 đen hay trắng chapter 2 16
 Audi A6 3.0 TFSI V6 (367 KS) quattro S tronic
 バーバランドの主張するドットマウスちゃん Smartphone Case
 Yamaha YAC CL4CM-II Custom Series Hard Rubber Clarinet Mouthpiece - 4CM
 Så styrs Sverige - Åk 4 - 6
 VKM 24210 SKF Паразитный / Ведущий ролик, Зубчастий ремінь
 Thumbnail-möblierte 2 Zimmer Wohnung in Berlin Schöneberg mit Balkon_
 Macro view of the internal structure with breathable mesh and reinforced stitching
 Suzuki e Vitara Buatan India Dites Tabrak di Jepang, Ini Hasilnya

What you will do. Set down, word for word, only the lines running from the line with "Audi A6 3.0" to the last line of the listing above. Both of those lines belong in your answer.

Solution for this problem.
 Audi A6 3.0 TFSI V6 (367 KS) quattro S tronic
 バーバランドの主張するドットマウスちゃん Smartphone Case
 Yamaha YAC CL4CM-II Custom Series Hard Rubber Clarinet Mouthpiece - 4CM
 Så styrs Sverige - Åk 4 - 6
 VKM 24210 SKF Паразитный / Ведущий ролик, Зубчастий ремінь
 Thumbnail-möblierte 2 Zimmer Wohnung in Berlin Schöneberg mit Balkon_
 Macro view of the internal structure with breathable mesh and reinforced stitching
 Suzuki e Vitara Buatan India Dites Tabrak di Jepang, Ini Hasilnya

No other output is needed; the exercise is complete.